Harlow v. Clatterbuck

COMPTON, J.,

dissenting.

In a result-oriented decision, the majority proceeds to create a new species of immunity for Virginia. I cannot join that endeavor.

*497The trial court ruled, correctly in my opinion, that these State employees were entitled to sovereign immunity. Accordingly, the trial court required the plaintiff to establish that the defendants were grossly negligent in the discharge of their discretionary duties and that such negligence was a proximate cause of the plaintiffs injuries, sustained when her throat was slit by a juvenile delinquent who had been released from the State corrections system. The trial court’s ruling was in accord with the body of law on the subject developed over the years in this State.
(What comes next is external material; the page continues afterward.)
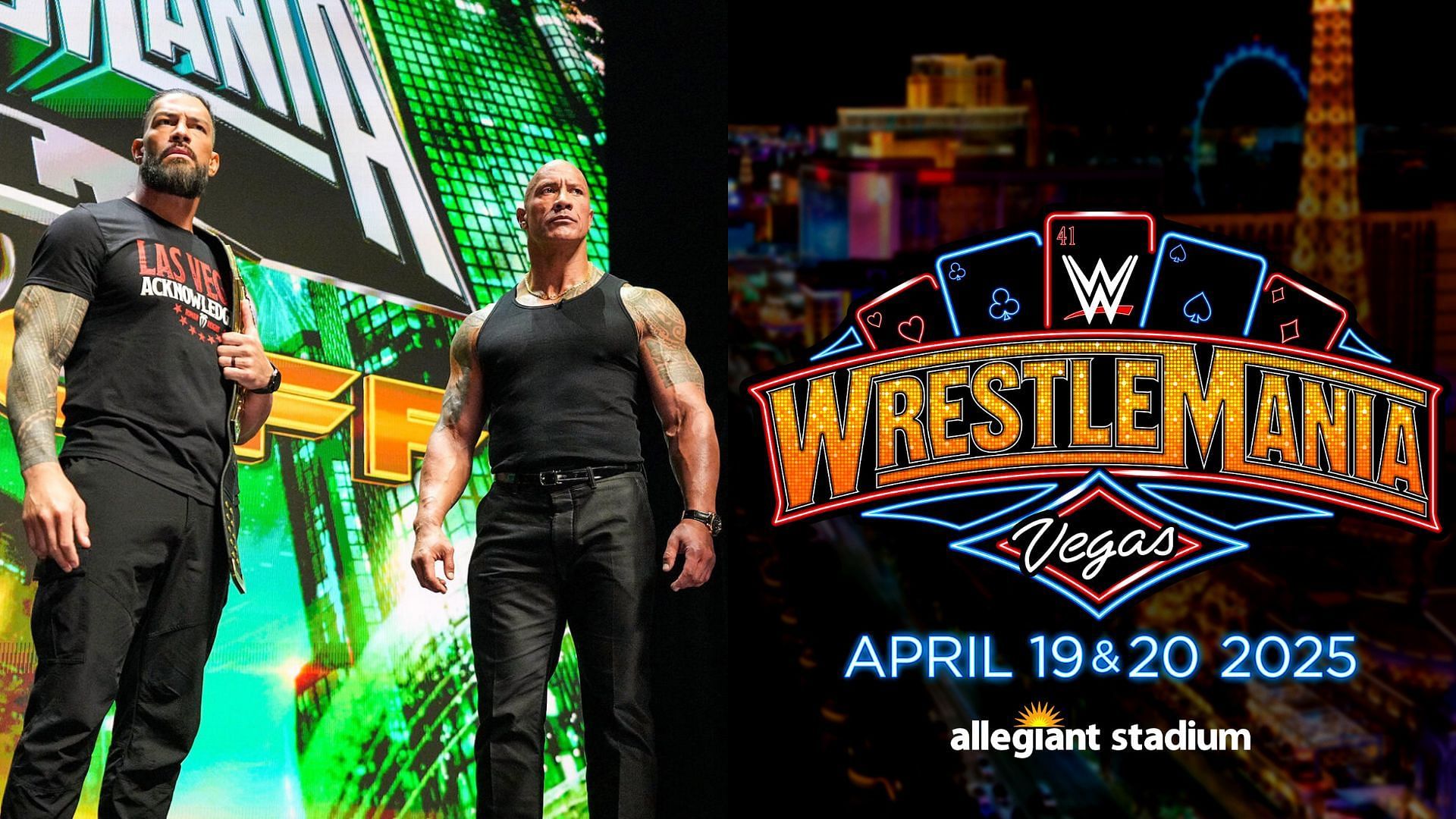 Roman Reigns and The Rock! [Image credits: WWE.com and WWE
The jury found, in a verdict confirmed by the trial court, that defendants’ release of the juvenile delinquent was grossly negligent in view of the information concerning his history and propensity for violence and aggressive behavior.

Nevertheless, the majority now extends a type of judicial immunity to persons outside the class of judicial officers that are described in the Virginia cases cited in the majority opinion. Until today, this class included “the highest judge in the State” and extended “to the lowest officer who sits as a court and tries petty causes.” Johnston v. Moorman, 80 Va. 131, 139 (1885). Now, the Court adds to the class an aftercare supervisor, a rehabilitative counselor, and a learning center supervisor in order to insulate those persons from tort liability for grossly negligent conduct.

I believe the trial court accorded these defendants all the immunity to which they were entitled. Thus, I would affirm the judgment in favor of the plaintiff.